THE DATA:
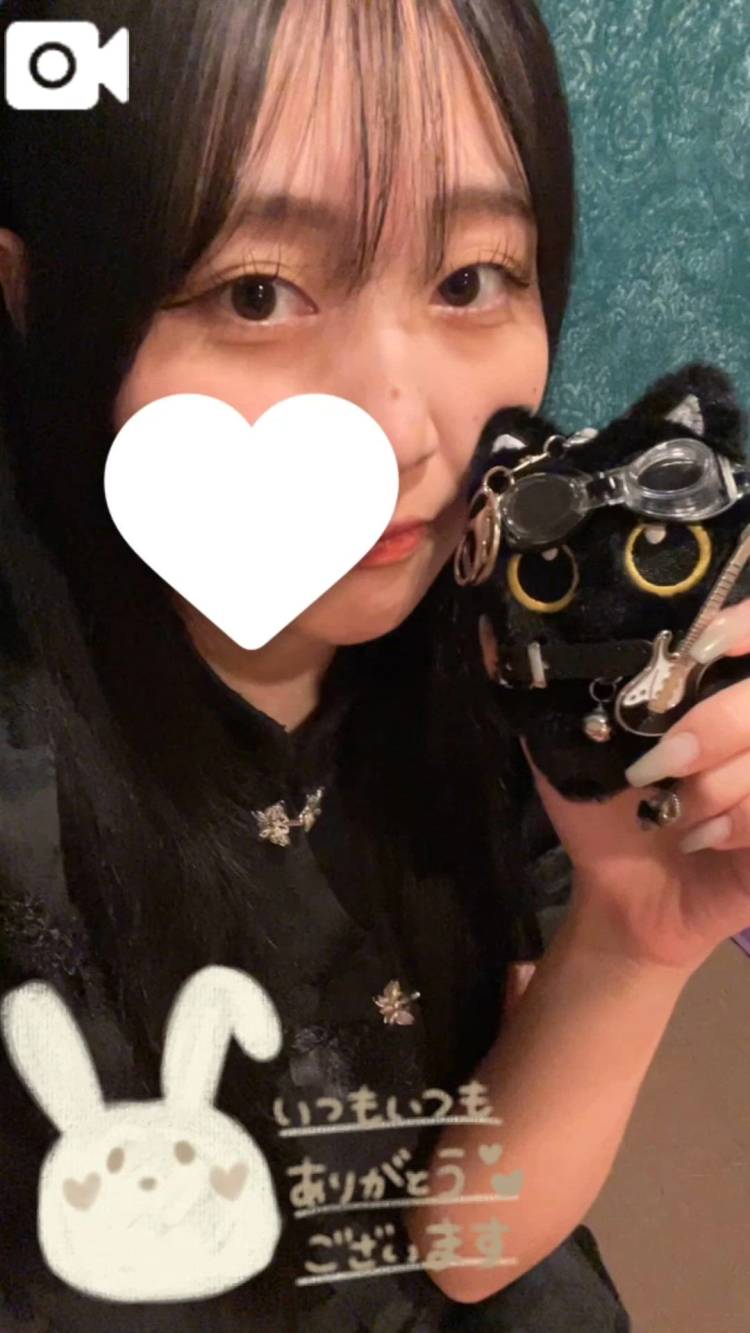 🐈‍⬛さん‎🤍ありがとおお‪🫶🏻️♡
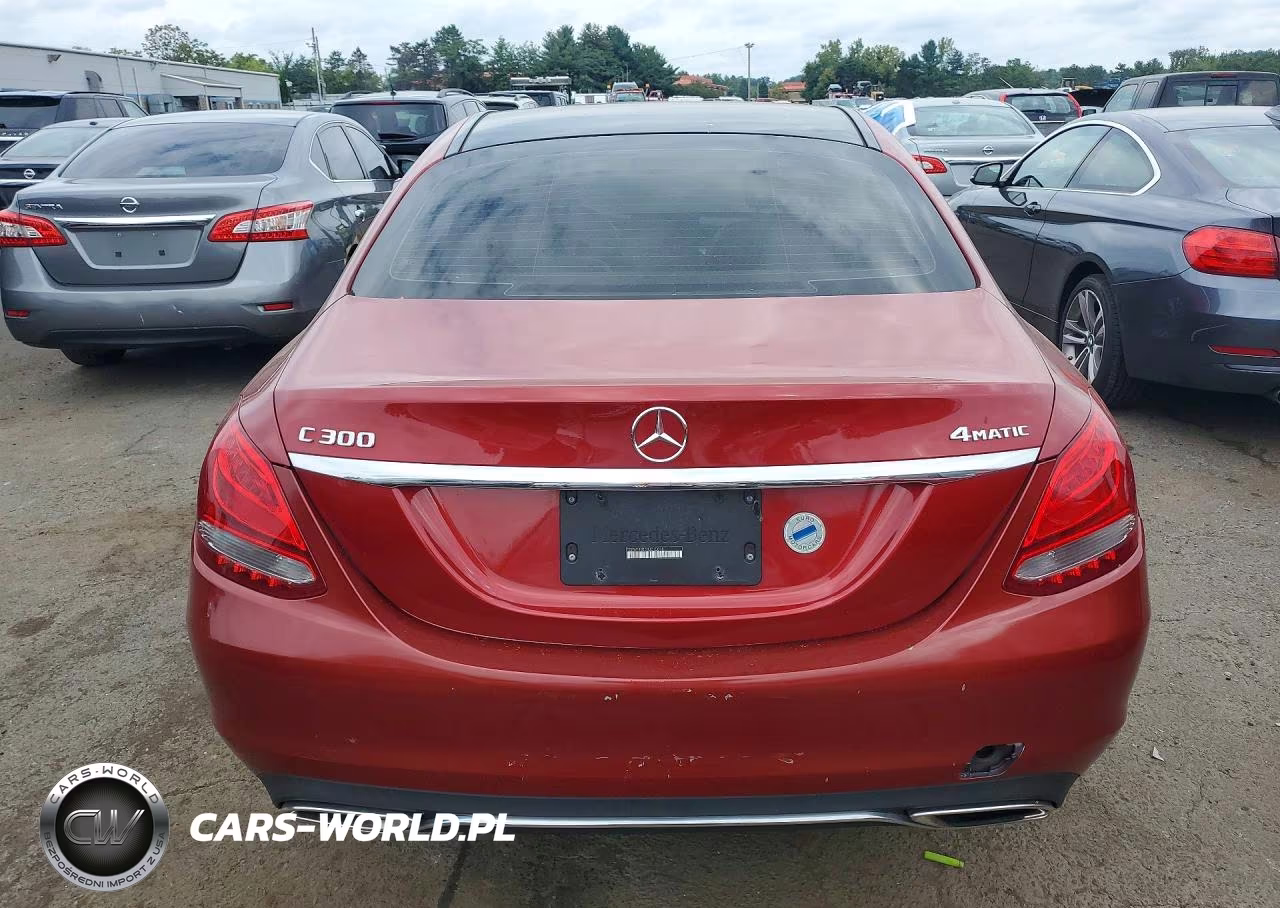 2017 Mercedes-Benz C 300 4Matic VIN:55SWF4KB0HU215016 - 6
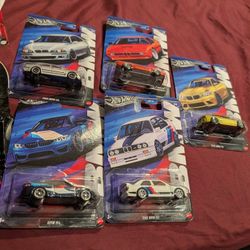 Hot Wheels BMW Set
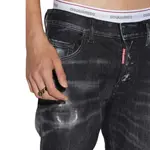 DSQUARED 2 Черные джинсы мужские - фото 5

PROBLEM DESCRIPTION: Give again the lines from the line that contains "Hot Wheels BMW Set" through the last line of the material above, exactly and with both ends included. Omit the pictures.

WRITTEN REPLY:
 Hot Wheels BMW Set
 DSQUARED 2 Черные джинсы мужские - фото 5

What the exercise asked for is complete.